Warning: Before reading this, go to the bathroom and grab a snack. I’m breaking all of the blogging rules about post length (again). Sorry. Not sorry. This place is awesome.
Southern Utah, from the beginning, was one of our top three priorities for this trip. It came highly recommended, it has a wealth of national parks, and neither of us had ever been. We’ve been itching to get here, and I have to admit that I was getting a little apprehensive that we’d built up our expectations too much. I got even more worried when we met a family in Mesa Verde National Park (in southwest Colorado) who was on a whirlwind road trip from Oregon. They had just traveled through Grand Canyon and the five parks in Southern Utah (Zion, Bryce Canyon, Capitol Reef, Canyonlands and Arches), and as many folks do, they’d toured these parks pretty quickly and packed in a ton of stuff in a short period of time. They seemed to be having fun, but the daughter (tween age, maybe?) told us that red used to be her favorite color until she saw SO many red rocks; and, her parents openly teased her for complaining loudly the day before that they’d seen “SO MUCH SCENERY!!”
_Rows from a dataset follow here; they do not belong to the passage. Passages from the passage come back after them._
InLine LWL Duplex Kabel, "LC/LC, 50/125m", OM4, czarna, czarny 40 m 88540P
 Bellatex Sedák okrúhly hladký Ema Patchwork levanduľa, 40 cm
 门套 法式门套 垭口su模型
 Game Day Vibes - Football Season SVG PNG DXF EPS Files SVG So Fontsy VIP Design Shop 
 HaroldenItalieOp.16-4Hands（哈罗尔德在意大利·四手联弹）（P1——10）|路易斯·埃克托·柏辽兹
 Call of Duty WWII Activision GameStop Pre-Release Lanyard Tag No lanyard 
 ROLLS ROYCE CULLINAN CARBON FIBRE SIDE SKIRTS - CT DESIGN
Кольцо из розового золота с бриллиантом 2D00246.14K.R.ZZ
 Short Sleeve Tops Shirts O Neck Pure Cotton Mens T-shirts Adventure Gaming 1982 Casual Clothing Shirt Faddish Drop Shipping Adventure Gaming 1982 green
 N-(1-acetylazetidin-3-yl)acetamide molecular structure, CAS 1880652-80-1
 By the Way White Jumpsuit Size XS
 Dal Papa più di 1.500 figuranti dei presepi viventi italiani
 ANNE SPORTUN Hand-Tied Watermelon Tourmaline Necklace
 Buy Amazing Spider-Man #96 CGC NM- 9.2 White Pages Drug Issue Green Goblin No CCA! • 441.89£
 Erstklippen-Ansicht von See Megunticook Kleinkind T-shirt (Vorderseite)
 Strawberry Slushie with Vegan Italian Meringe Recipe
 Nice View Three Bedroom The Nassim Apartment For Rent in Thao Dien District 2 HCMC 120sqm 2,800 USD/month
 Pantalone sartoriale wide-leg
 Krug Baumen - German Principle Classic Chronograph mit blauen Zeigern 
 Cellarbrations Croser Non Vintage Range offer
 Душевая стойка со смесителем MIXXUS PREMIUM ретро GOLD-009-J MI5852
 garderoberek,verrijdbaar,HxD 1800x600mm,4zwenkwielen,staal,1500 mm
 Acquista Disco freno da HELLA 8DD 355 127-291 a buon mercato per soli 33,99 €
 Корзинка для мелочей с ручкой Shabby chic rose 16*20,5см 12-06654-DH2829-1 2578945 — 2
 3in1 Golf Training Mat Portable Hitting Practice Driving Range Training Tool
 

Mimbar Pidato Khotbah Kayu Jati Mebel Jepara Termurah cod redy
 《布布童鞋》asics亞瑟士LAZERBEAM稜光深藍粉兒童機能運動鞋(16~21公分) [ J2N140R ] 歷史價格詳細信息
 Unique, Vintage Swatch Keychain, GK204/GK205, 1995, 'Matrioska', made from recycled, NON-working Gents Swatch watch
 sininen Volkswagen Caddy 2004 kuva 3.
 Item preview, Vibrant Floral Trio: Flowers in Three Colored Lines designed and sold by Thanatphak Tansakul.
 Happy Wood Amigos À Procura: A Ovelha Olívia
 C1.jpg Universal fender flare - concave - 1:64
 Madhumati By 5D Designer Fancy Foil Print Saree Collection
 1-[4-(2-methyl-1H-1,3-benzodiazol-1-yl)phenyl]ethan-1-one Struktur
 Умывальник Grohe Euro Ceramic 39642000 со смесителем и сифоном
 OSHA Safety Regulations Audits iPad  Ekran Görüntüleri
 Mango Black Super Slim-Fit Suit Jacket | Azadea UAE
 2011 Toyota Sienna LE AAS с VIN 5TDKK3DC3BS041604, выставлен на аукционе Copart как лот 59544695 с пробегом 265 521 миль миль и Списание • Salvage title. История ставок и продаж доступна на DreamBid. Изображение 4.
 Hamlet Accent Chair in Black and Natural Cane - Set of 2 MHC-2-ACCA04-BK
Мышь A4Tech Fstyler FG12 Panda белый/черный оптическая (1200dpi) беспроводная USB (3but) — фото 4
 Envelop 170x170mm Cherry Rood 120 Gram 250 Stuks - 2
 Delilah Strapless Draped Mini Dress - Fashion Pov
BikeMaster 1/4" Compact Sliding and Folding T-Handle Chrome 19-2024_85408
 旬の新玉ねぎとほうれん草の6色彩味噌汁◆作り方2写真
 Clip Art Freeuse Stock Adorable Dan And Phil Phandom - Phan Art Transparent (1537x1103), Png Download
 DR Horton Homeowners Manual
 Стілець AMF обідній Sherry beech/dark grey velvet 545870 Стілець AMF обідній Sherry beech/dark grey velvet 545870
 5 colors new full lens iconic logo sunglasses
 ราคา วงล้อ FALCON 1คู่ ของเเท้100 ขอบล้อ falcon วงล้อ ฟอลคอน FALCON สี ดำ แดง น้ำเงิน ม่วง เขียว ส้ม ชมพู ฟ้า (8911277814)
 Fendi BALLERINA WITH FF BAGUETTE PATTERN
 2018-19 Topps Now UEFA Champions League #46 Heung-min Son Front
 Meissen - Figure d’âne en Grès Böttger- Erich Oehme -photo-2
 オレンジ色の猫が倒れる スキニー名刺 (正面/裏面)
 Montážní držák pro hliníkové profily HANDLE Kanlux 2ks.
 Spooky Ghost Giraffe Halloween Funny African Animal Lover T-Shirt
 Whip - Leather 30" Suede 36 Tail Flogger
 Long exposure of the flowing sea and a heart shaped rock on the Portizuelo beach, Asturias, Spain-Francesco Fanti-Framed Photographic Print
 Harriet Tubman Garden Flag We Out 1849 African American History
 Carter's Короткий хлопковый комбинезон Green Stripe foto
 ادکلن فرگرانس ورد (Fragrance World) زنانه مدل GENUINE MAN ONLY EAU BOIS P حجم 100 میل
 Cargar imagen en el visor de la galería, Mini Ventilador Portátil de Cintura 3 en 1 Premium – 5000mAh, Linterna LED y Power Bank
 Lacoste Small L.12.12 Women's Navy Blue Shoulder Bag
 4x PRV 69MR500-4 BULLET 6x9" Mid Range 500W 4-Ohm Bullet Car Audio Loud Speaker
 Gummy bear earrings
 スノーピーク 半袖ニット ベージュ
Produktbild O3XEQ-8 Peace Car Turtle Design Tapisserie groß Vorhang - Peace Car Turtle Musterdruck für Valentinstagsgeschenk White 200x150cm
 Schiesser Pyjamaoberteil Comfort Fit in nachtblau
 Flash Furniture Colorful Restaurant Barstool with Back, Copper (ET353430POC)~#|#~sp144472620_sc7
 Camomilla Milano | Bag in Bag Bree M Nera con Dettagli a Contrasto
We got a good laugh, but it did make me nervous that we’d get tired of the scenery and have canyon- and red-rock-fatigue from trying to see five parks so close together in the same region. With this concern in mind, we’ve been intentional about spacing things out a bit, slowing down our pace, and breaking things up with rest days, errand/laundry days, and some biking here and there. We are incredibly lucky to have the luxury of time.
I’ve also realized my worry was for naught. Southern Utah’s beauty is striking. Every day. We’ve been here for just under three weeks (at the time of writing this post) and we’ve visited Canyonlands NP, Arches NP, Moab, and Zion NP – we also took time to visit two of Canyonland’s three districts (the third was virtually inaccessible to us without a boat or lots of backpacking gear, neither of which we have with us; no, we don’t have a boat, period) and all three of Zion’s districts – so, we’ve covered some serious ground and seen a LOT. And let me tell you, it is SO MUCH SCENERY but we’ve loved it all. Yes, there are a lot of canyons and a lot of red rocks, but even different districts within one park can be vastly different. Some of the same basic elements exist from place to place, but the diversity is striking in terms of terrain, climate, plant and animal life, and geologic features, with much of this changing according to elevation (we’re constantly going up and down between roughly 3,500’ and 8,000’) but also according to the presence of water and/or other natural forces. In short, it certainly hasn’t gotten old, and our appreciation for this place seems to grow daily. Wonders abound, and we’re so excited to keep exploring this awesome place! For now, we’ll share some snippets about our adventures.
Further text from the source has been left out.